Analysis

Analysis helper functions

Utils

mesmerize.analysis.utils.get_array_size(transmission: mesmerize.analysis.data_types.Transmission, data_column: str) → int[source]

Returns the size of the 1D arrays in the specified data column. Throws an exception if they do not match

Parameters:
  • transmission (Transmission) – Desired Transmission
  • data_column (str) – Data column of the Transmission from which to retrieve the size
Returns:

Size of the 1D arrays of the specified data column

Return type:

int

mesmerize.analysis.utils.get_frequency_linspace(transmission: mesmerize.analysis.data_types.Transmission) → Tuple[numpy.ndarray, float][source]

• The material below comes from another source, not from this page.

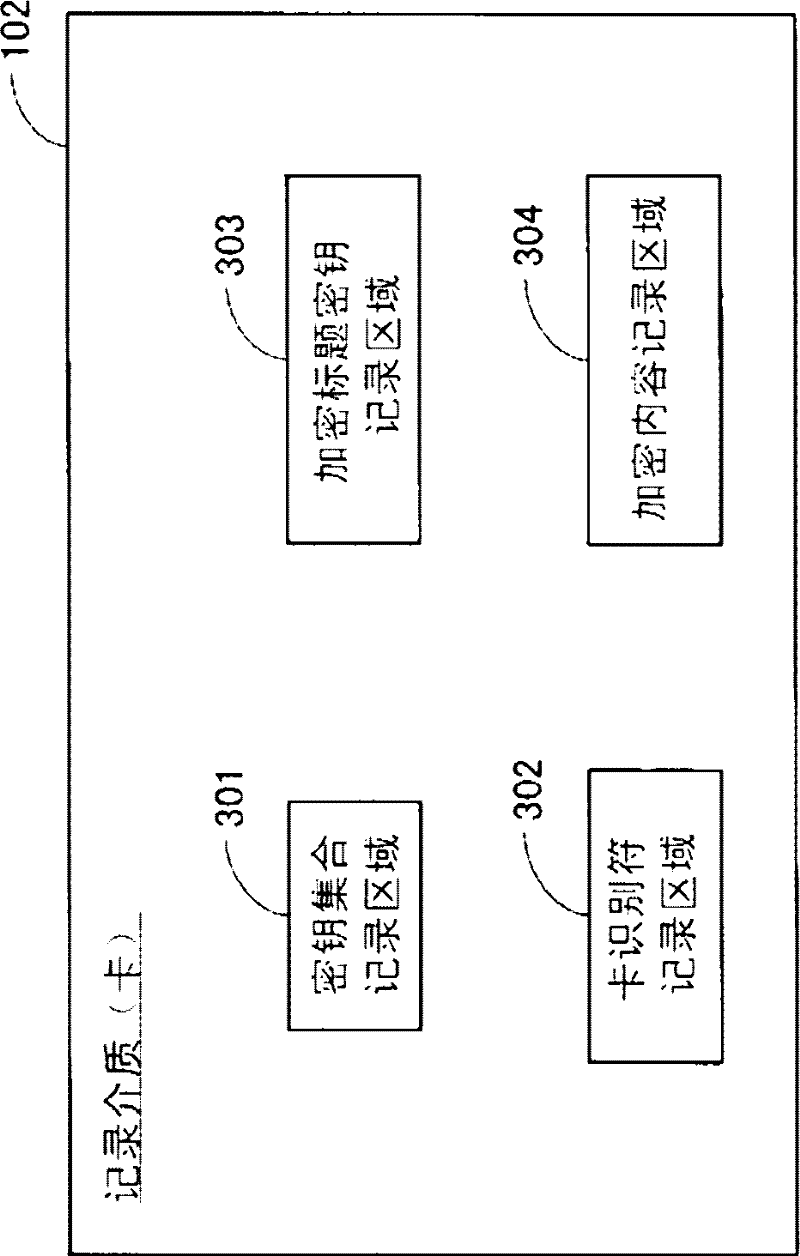 Management device and duplication device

Get the frequency linspace.

Throwns an exception if all datablocks do not have the same linspace & Nyquist frequencies

Parameters:transmission – Transmission containing data from which to get frequency linspace
Returns:tuple: (frequency linspace as a 1D numpy array, nyquist frequency)
Return type:Tuple[np.ndarray, float]
mesmerize.analysis.utils.get_proportions(xs: Union[pandas.core.series.Series, numpy.ndarray, list], ys: Union[pandas.core.series.Series, numpy.ndarray], xs_name: str = 'xs', ys_name: str = 'ys', swap: bool = False, percentages: bool = True) → pandas.core.frame.DataFrame[source]

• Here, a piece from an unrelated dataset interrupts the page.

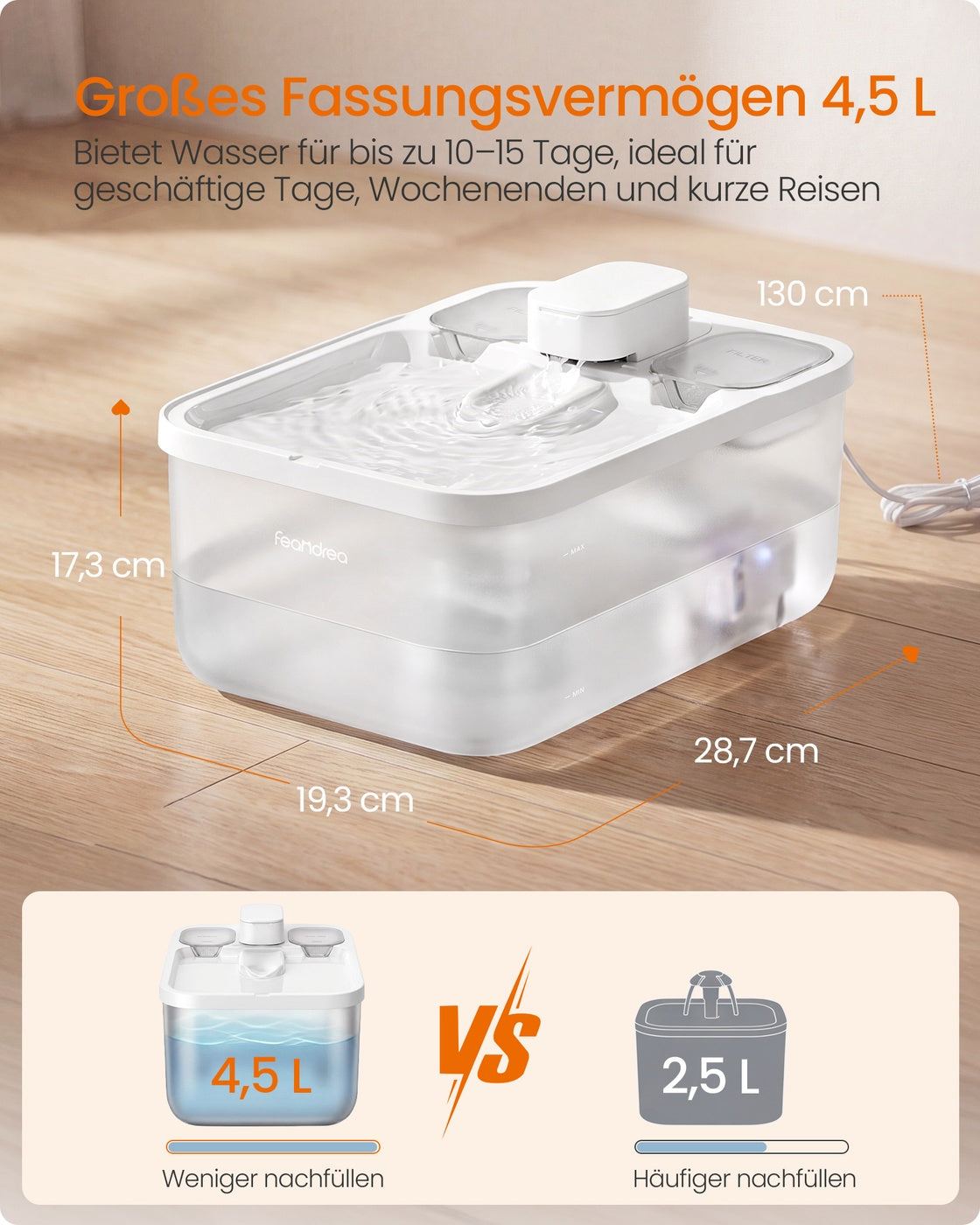 Kattenfontein - 4,5 Liter - Fluisterstil - 12 Filters - Wit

Get the proportions of xs vs ys.

xs & ys are categorical data.

Parameters:
  • xs (Union[pd.Series, np.ndarray]) – data plotted on the x axis
  • ys (Union[pd.Series, np.ndarray]) – proportions of unique elements in ys are calculated per xs
  • xs_name (str) – name for the xs data, useful for labeling the axis in plots
  • ys_name (str) – name for the ys data, useful for labeling the axis in plots
  • swap (bool) – swap x and y
Returns:

DataFrame that can be plotted in a proportions bar graph

Return type:

pd.DataFrame

mesmerize.analysis.utils.get_sampling_rate(transmission: mesmerize.analysis.data_types.Transmission, tolerance: Optional[float] = 0.1) → float[source]

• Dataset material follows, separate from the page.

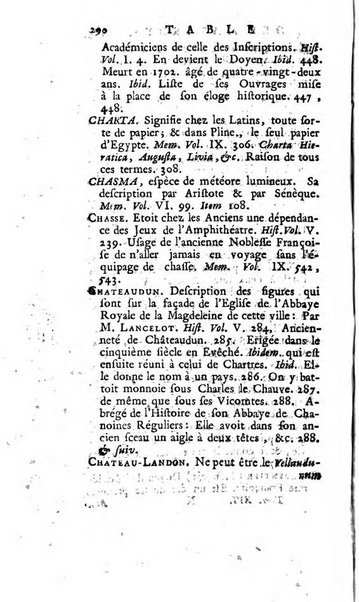 Académie Royale des Inscriptions et Belles Lettres. Mémoires..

Returns the mean sampling rate of all data in a Transmission if it is within the specified tolerance. Otherwise throws an exception.

Parameters:
  • transmission (Transmission) – Transmission object of the data from which sampling rate is obtained.
  • tolerance (float) – Maximum tolerance (in Hertz) of sampling rate variation between different samples
Returns:

The mean sampling rate of all data in the Transmission

Return type:

float

mesmerize.analysis.utils.organize_dataframe_columns(columns: Iterable[str]) → Tuple[List[str], List[str], List[str]][source]

Organizes DataFrame columns into data column, categorical label columns, and uuid columns.

Parameters:columns – All DataFrame columns
Returns:(data_columns, categorical_columns, uuid_columns)
Return type:Tuple[List[str], List[str], List[str]]
mesmerize.analysis.utils.pad_arrays(a: numpy.ndarray, method: str = 'random', output_size: int = None, mode: str = 'minimum', constant: Any = None) → numpy.ndarray[source]

Pad all the input arrays so that are of the same length. The length is determined by the largest input array. The padding value for each input array is the minimum value in that array.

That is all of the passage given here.